- Opening Delimiter -
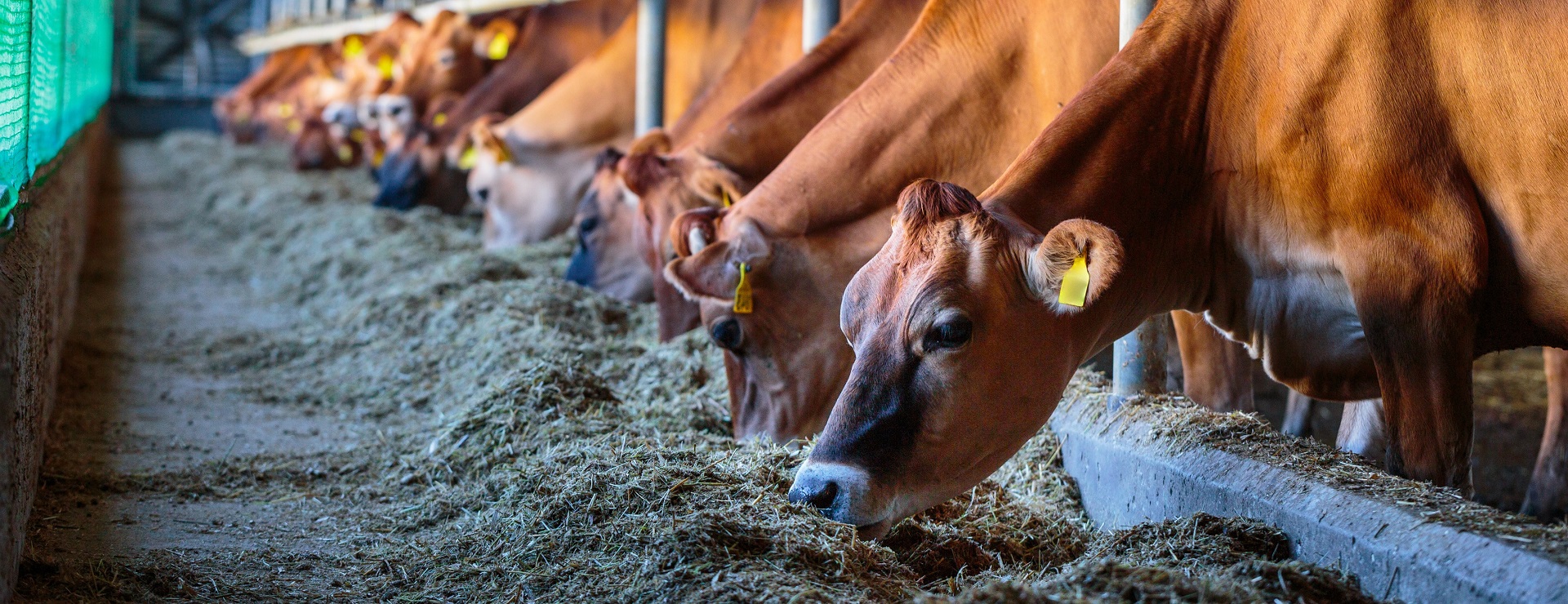 stáj - krmení krav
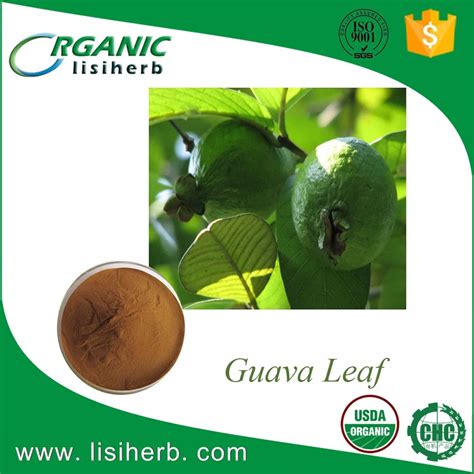 100% Natural Dried Guava Leaf Extract Powder - Buy Guava Leaf Extract ...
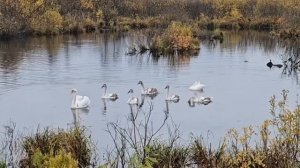 Лебеди на пруду.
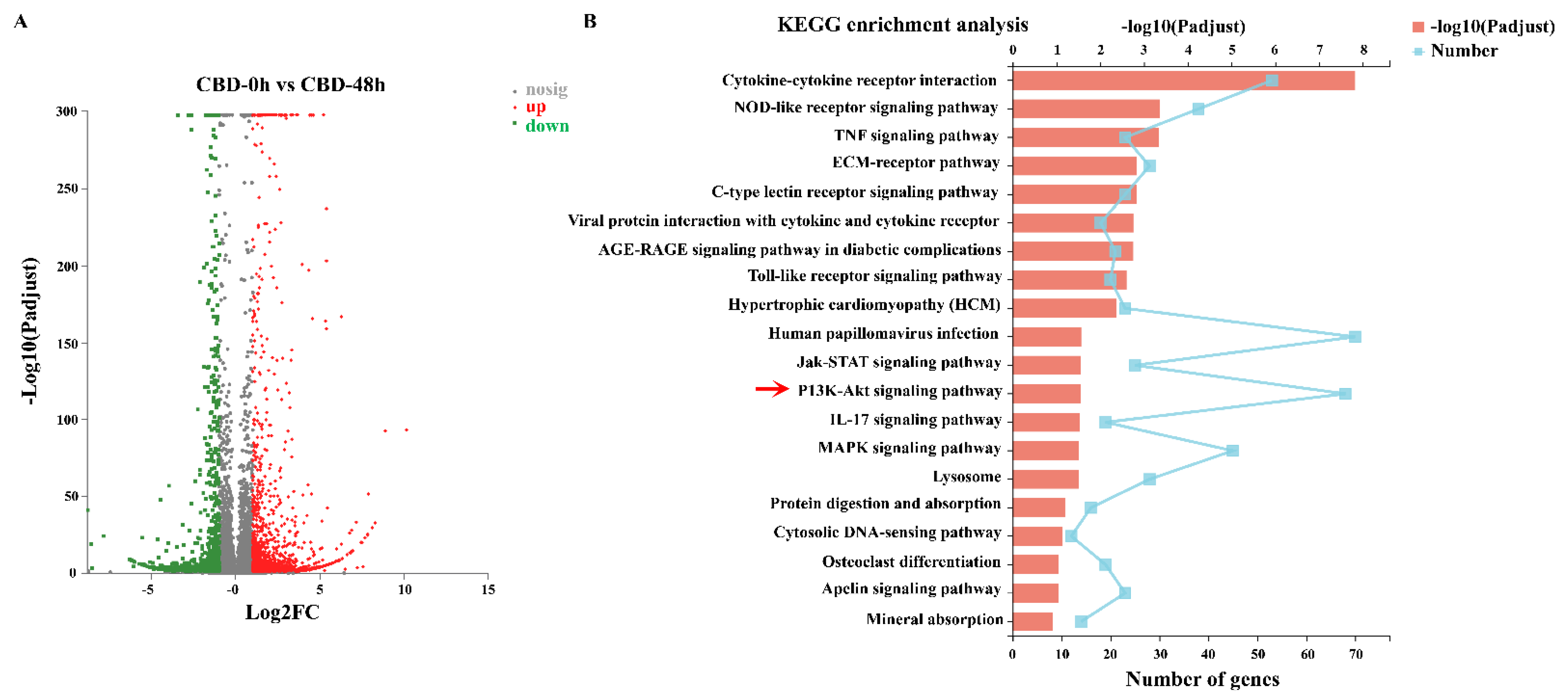 Pharmaceutics 13 01415 g003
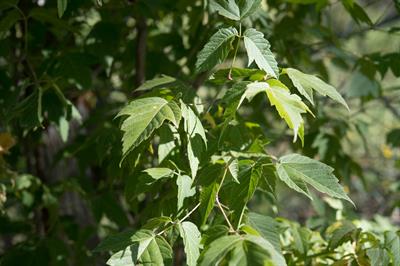 Acer negundo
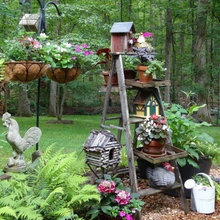 Yard Landscaping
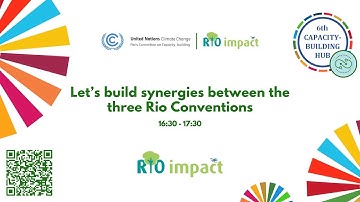 Let’s build synergies between the three Rio Conventions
- Closing Delimiter -
Problem
Lines from the one containing "Лебеди на пруду." through the end of the entries above, both included, are to be written out exactly; no pictures and no other lines.

Solution to this problem
 Лебеди на пруду.
 Pharmaceutics 13 01415 g003
 Acer negundo
 Yard Landscaping
 Let’s build synergies between the three Rio Conventions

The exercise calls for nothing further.